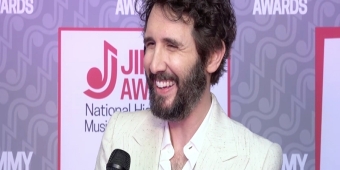 Video thumbnail for Video: On the Red Carpet at the 2024 Jimmy Awards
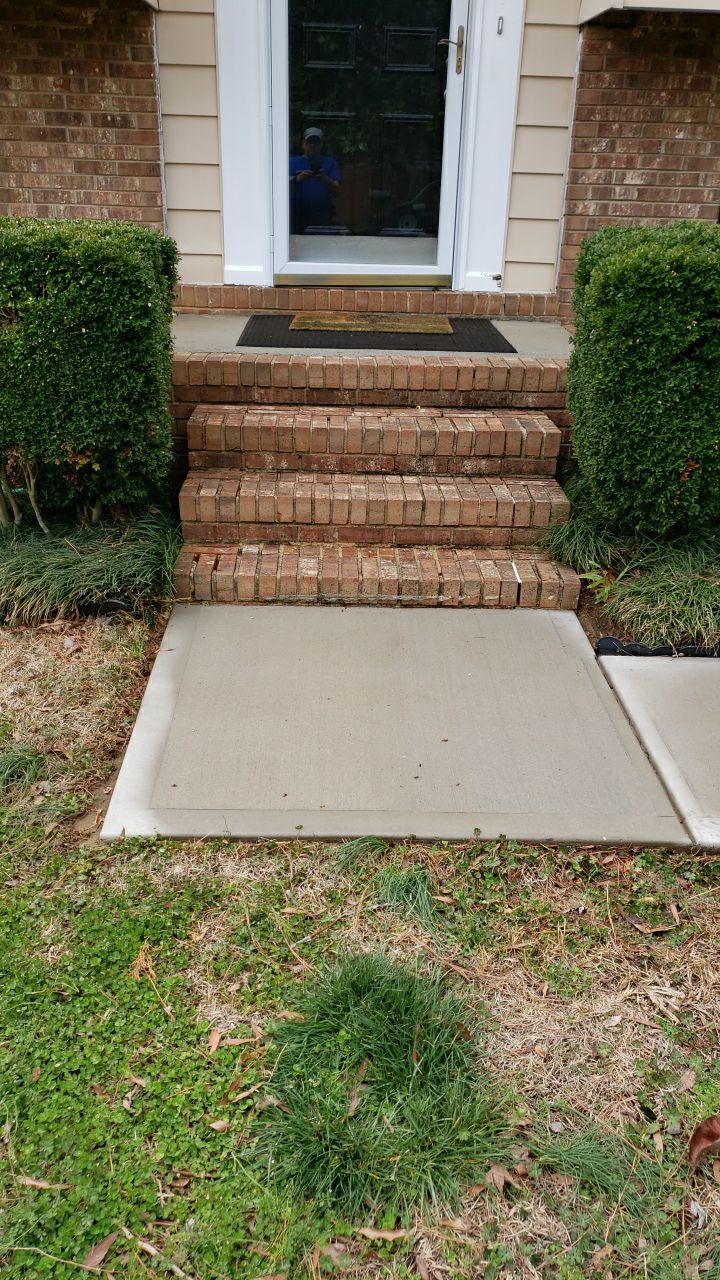 House Wash using cleaner by Power Wash Masters LLC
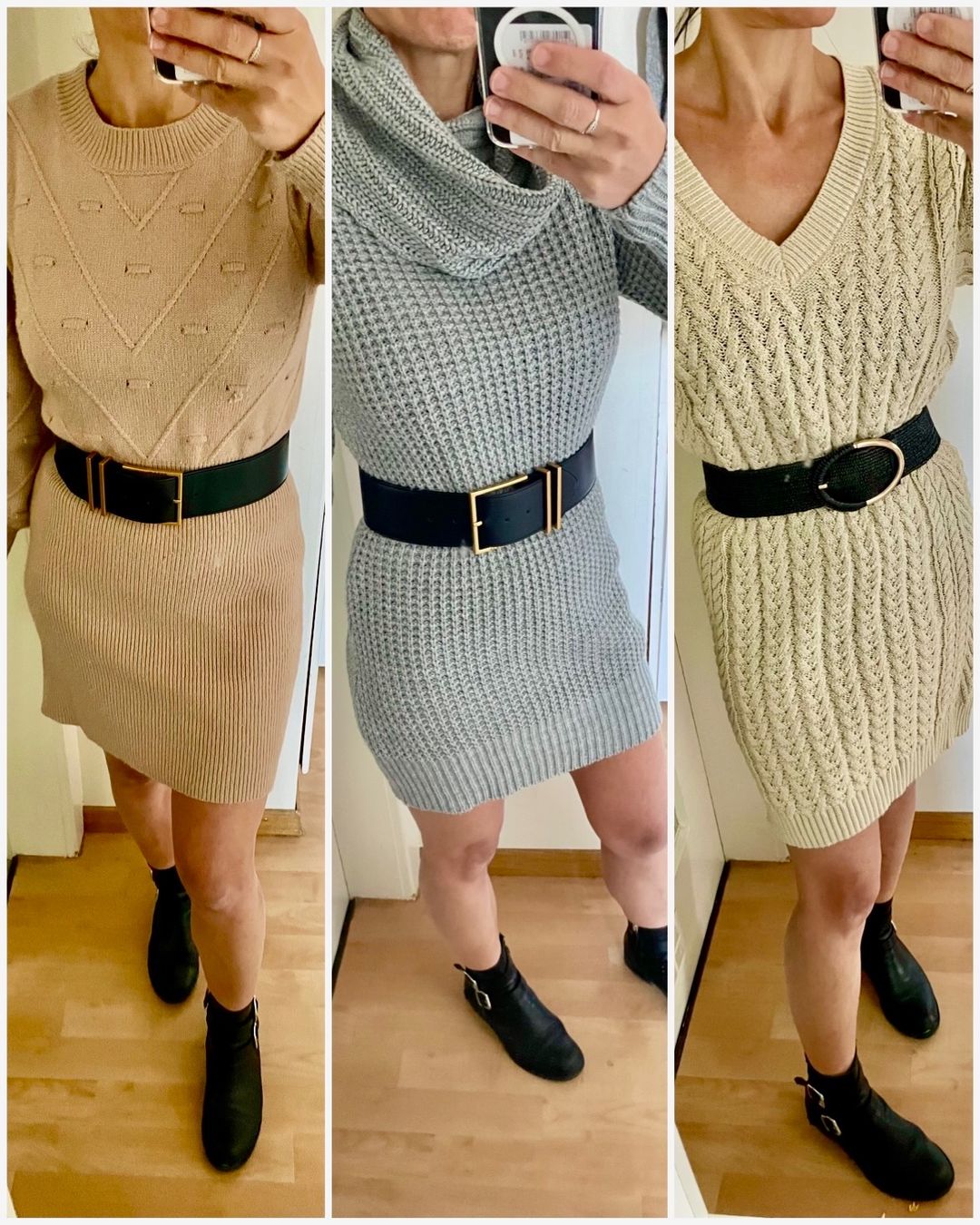 Vestiti: 3 Winter dresses S/36 – Usato da Zürich venduto da Angela_Fashion_Lover
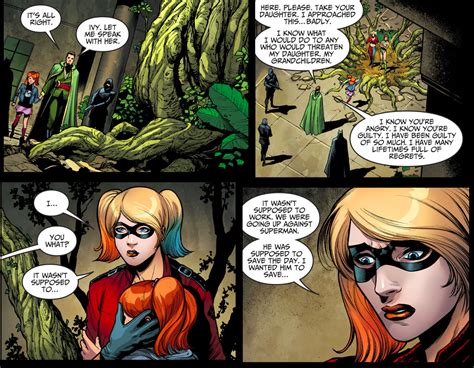Harley Quinn Feels Guilty About Metropolis Injustice Ii Comicnewbies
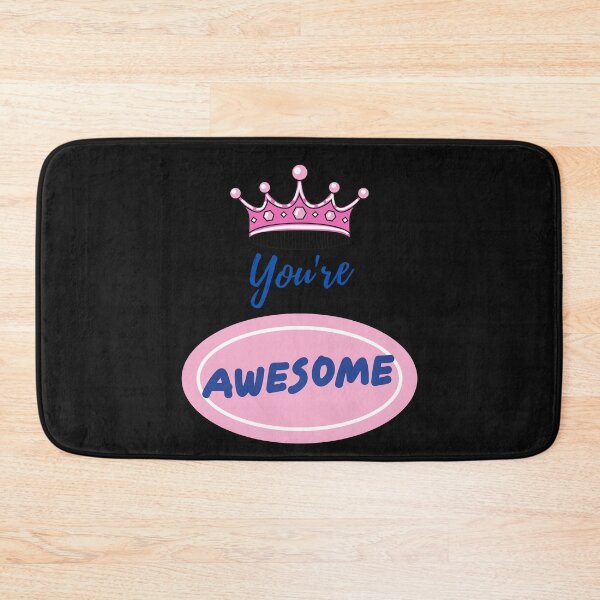 Item preview, You're awesome inspiration selflove designed and sold by HarriPaloma.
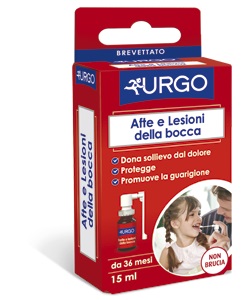 URGO SPRAY PER AFTE E LESIONI DELLA BOCCA 15 ML - Gruppofarmastore.it
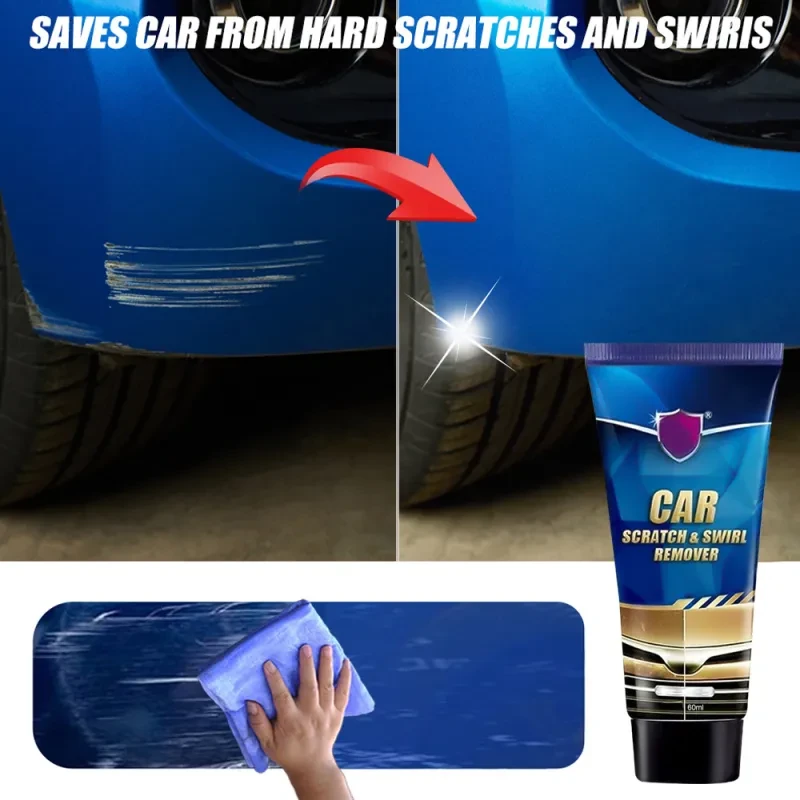 Farfi Car Scratch Remover Kit – Wax Cream Polish for Paint Repair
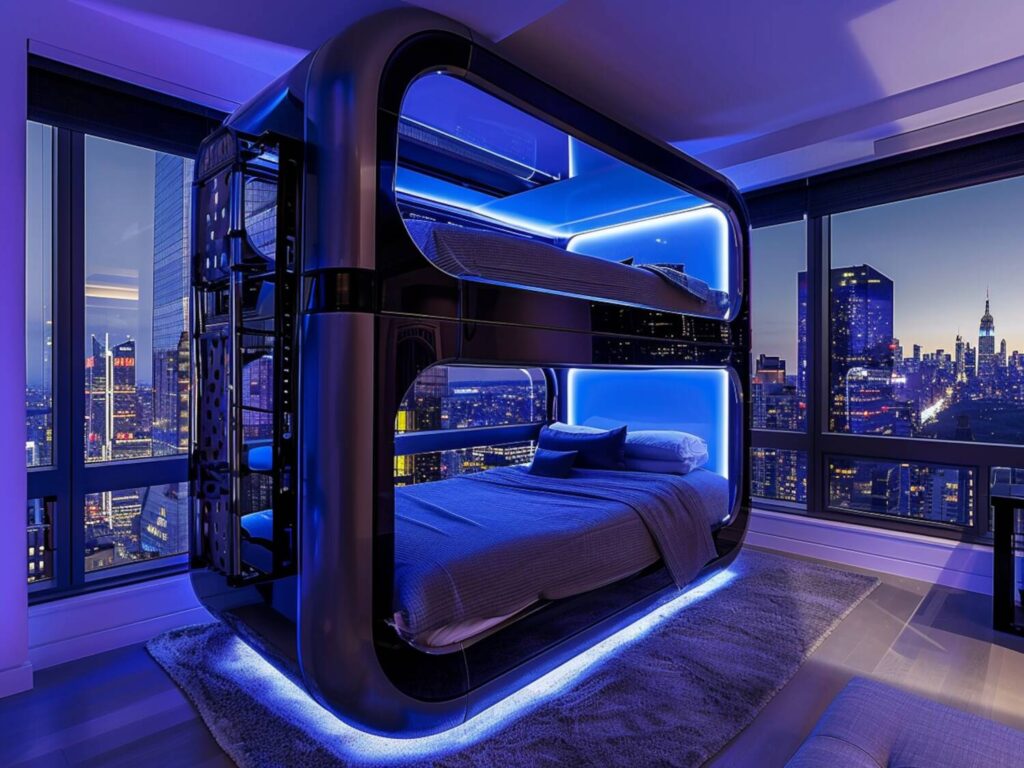 Najlepsze łóżka piętrowe luksusowe na 2025 rok.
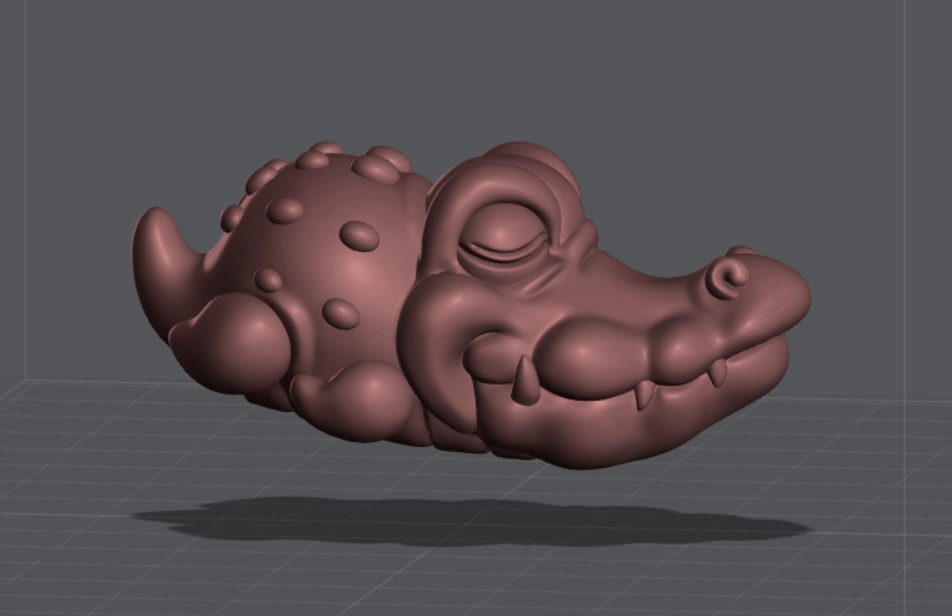 CROCODILE-chipi-cute 3D print model_5
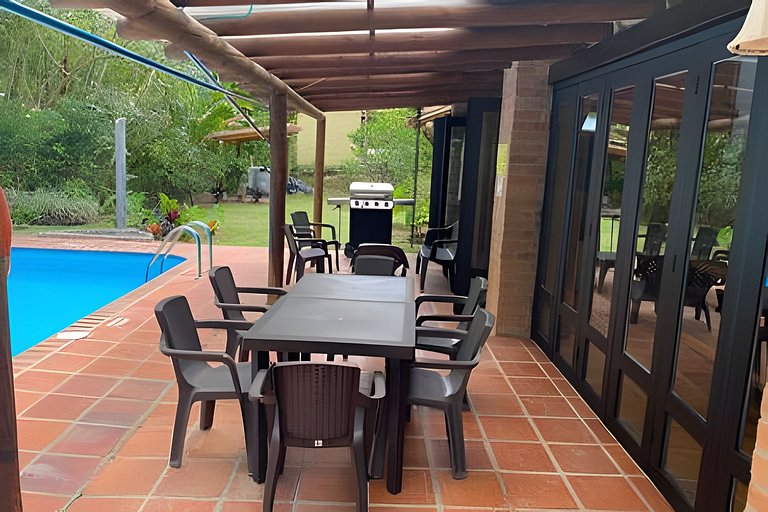 Casa con piscina privada fincas panaca, Quindío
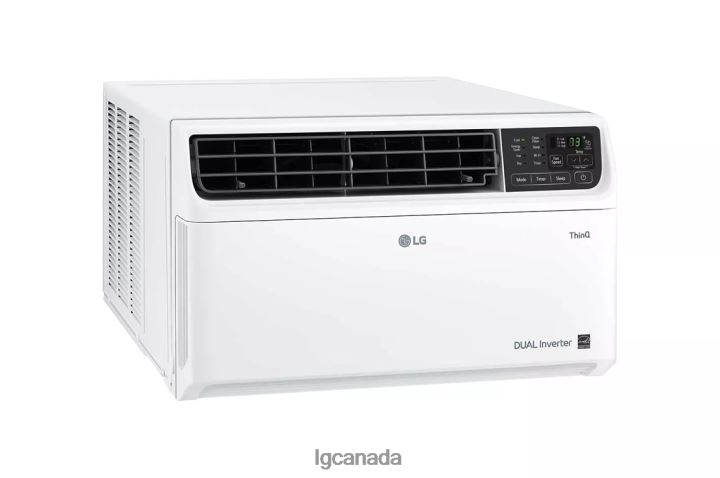 Air Conditioner| LG 8,000 BTU DUAL Inverter Smart Wi-Fi Enabled Window Air Conditioner 2Z0J027
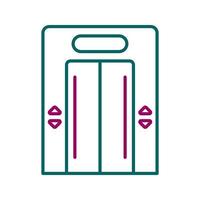 Elevator Vector Icon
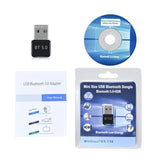Maxbell Wireless Bluetooth Adapter 3Mbps Bluetooth Dongle BT 5.0 for Laptop Headsets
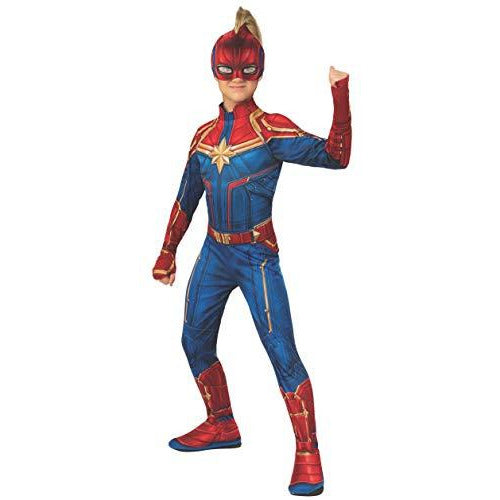 CAPTAIN MARVEL 3D MOLDED GIRL COSTUME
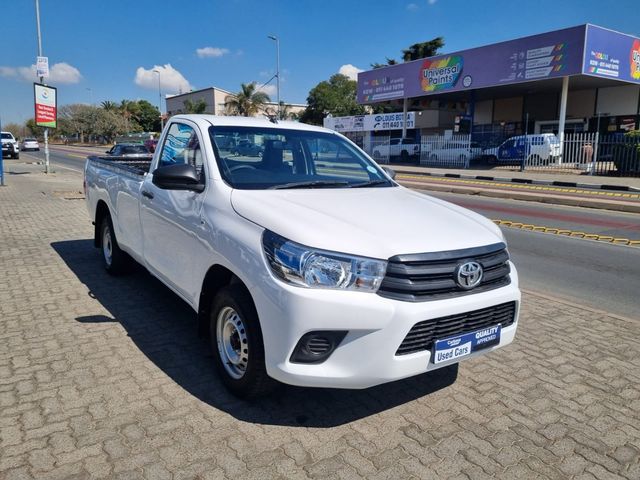 2019 Toyota Hilux 2.4 GD Single-Cab, photo 3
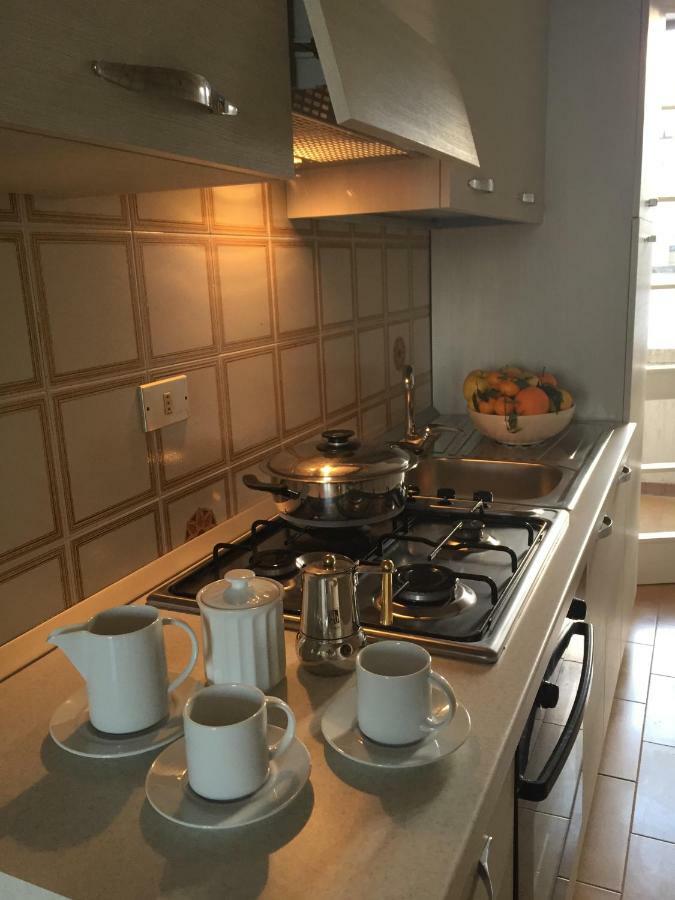 Casa Sul Mare - Wifi Free - Parcheggio Privato Daire San Foca Dış mekan fotoğraf
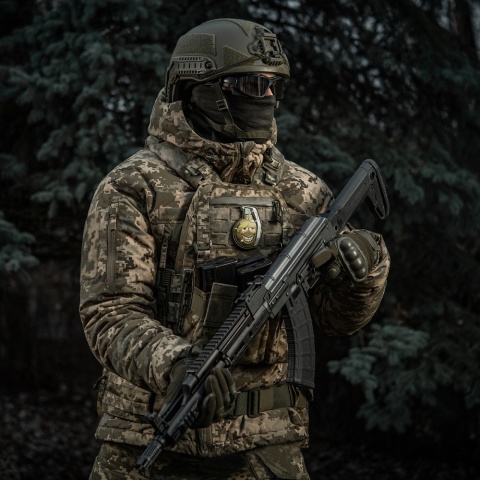 M-TAC Naszywka na rzep M67 3D PVC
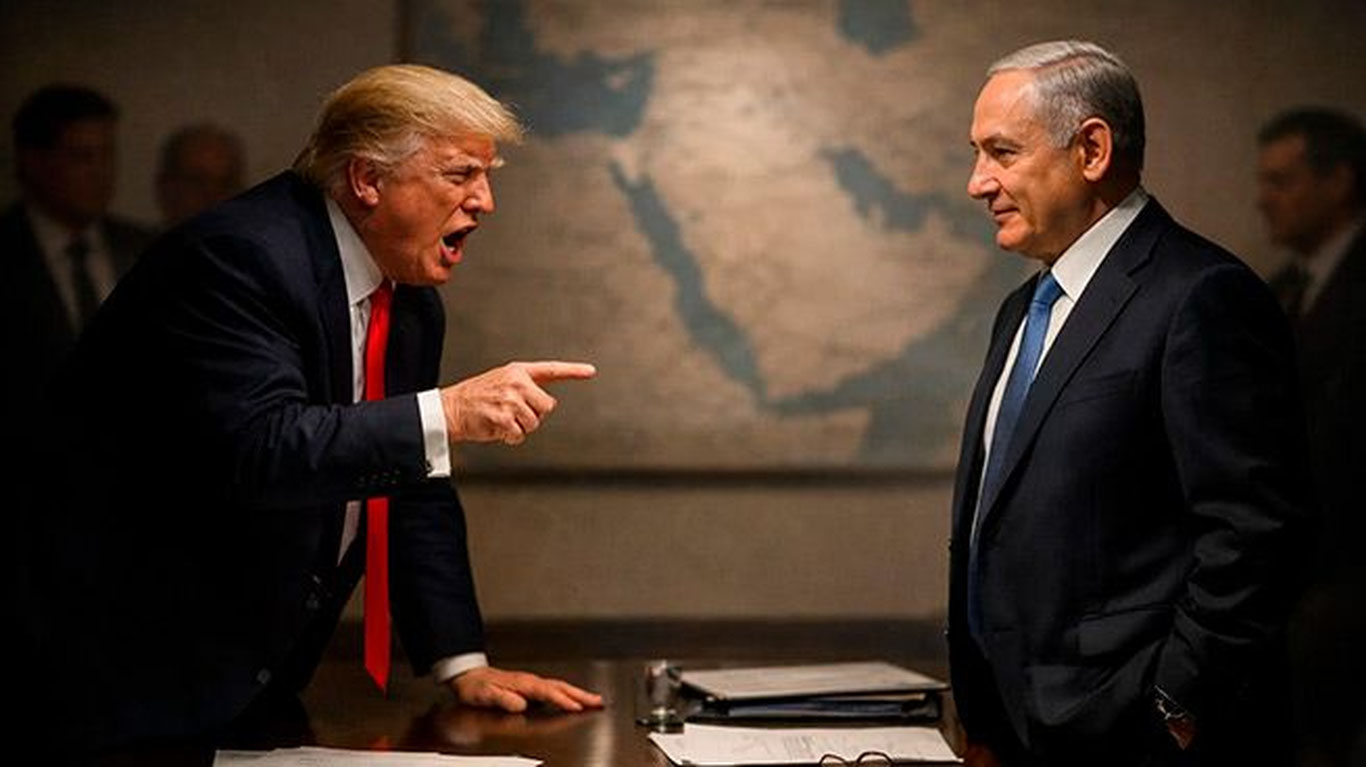 “Кетингни тозалаб юрибман” — Трамп Нетаняҳуни ҳақорат қилди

==*==

- TASK DETAILS
Exactly as written, give every entry again, but not the pictures.

- ANSWER TO THIS PROBLEM
 Video thumbnail for Video: On the Red Carpet at the 2024 Jimmy Awards
 House Wash using cleaner by Power Wash Masters LLC
 Vestiti: 3 Winter dresses S/36 – Usato da Zürich venduto da Angela_Fashion_Lover
Harley Quinn Feels Guilty About Metropolis Injustice Ii Comicnewbies
 Item preview, You're awesome inspiration selflove designed and sold by HarriPaloma.
 URGO SPRAY PER AFTE E LESIONI DELLA BOCCA 15 ML - Gruppofarmastore.it
 Farfi Car Scratch Remover Kit – Wax Cream Polish for Paint Repair
 Najlepsze łóżka piętrowe luksusowe na 2025 rok.
 CROCODILE-chipi-cute 3D print model_5
 Casa con piscina privada fincas panaca, Quindío
 Air Conditioner| LG 8,000 BTU DUAL Inverter Smart Wi-Fi Enabled Window Air Conditioner 2Z0J027
 Elevator Vector Icon
Maxbell Wireless Bluetooth Adapter 3Mbps Bluetooth Dongle BT 5.0 for Laptop Headsets
 CAPTAIN MARVEL 3D MOLDED GIRL COSTUME
 2019 Toyota Hilux 2.4 GD Single-Cab, photo 3
 Casa Sul Mare - Wifi Free - Parcheggio Privato Daire San Foca Dış mekan fotoğraf
 M-TAC Naszywka na rzep M67 3D PVC
 “Кетингни тозалаб юрибман” — Трамп Нетаняҳуни ҳақорат қилди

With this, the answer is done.